▶ **THE PROBLEM**:
The answer is a single figure: how many lines below contain the word "size".

▶ **EXCERPTED RECORDS**:
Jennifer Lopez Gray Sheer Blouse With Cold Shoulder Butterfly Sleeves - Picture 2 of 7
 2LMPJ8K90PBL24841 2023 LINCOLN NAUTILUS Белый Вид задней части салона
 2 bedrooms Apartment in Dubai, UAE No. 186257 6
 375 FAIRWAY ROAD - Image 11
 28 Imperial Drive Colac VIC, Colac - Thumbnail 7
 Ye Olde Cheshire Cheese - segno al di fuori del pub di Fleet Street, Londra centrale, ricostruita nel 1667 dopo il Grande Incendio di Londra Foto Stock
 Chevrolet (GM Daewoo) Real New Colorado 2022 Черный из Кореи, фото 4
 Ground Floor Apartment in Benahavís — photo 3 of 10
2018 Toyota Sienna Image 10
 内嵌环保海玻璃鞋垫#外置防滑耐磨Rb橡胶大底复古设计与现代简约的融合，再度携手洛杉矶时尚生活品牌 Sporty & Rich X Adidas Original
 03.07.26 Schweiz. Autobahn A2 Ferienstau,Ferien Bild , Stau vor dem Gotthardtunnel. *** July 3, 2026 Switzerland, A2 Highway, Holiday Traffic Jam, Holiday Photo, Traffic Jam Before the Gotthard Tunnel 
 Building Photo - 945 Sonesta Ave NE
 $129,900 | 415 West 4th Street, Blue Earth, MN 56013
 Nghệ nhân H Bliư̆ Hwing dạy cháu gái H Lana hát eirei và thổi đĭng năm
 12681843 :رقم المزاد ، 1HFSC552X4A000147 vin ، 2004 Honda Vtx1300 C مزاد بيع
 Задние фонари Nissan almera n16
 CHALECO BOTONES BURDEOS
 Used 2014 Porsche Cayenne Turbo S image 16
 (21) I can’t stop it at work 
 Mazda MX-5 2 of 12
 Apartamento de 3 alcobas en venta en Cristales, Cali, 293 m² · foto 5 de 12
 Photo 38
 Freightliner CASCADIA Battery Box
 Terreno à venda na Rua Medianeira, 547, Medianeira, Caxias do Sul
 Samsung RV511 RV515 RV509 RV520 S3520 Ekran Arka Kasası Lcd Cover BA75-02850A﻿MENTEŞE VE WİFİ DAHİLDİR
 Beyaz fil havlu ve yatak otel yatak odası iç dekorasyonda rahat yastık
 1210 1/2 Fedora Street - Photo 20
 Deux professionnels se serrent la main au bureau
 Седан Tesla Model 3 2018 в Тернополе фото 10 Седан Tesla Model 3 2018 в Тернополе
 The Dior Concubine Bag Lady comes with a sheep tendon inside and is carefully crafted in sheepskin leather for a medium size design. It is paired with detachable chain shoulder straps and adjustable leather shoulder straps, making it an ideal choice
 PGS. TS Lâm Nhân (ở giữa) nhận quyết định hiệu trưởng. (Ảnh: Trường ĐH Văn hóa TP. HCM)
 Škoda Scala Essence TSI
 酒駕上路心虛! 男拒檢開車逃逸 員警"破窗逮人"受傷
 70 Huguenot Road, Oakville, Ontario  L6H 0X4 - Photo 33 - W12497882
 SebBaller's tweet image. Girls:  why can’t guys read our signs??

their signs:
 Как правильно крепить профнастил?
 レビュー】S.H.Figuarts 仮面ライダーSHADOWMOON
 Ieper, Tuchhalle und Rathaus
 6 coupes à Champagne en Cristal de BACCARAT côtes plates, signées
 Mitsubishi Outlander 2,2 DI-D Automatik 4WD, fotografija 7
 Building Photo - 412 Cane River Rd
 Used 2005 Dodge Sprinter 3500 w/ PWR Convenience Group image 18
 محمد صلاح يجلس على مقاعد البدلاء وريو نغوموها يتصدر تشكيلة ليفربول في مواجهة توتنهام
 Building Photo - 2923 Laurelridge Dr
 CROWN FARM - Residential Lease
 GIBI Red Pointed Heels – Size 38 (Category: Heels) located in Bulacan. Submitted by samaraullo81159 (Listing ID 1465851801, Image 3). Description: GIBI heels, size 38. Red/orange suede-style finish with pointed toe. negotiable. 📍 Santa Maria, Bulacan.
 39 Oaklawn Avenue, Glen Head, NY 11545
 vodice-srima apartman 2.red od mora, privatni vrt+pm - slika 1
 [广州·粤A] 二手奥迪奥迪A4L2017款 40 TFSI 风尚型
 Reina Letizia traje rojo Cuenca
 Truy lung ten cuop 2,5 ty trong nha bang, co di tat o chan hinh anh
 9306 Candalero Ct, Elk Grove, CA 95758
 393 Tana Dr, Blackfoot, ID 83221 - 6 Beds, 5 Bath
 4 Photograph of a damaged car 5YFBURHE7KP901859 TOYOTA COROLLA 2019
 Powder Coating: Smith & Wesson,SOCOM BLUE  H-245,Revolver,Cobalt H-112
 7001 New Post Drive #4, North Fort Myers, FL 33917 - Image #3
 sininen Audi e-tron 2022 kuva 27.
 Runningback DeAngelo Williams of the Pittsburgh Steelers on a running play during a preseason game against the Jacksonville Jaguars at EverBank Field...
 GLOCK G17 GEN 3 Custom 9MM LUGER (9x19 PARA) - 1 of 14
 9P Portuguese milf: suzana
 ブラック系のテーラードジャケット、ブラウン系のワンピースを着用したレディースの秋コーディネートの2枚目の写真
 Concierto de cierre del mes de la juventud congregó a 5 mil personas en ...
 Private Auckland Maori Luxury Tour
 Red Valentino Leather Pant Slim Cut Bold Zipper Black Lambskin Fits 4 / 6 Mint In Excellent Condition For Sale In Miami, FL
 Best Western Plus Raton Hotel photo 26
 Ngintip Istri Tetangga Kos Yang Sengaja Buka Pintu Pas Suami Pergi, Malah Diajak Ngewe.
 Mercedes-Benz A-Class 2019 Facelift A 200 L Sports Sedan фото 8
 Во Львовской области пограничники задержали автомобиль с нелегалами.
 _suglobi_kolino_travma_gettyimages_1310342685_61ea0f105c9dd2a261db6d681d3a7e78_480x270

▶ **WRITTEN REPLY**:
2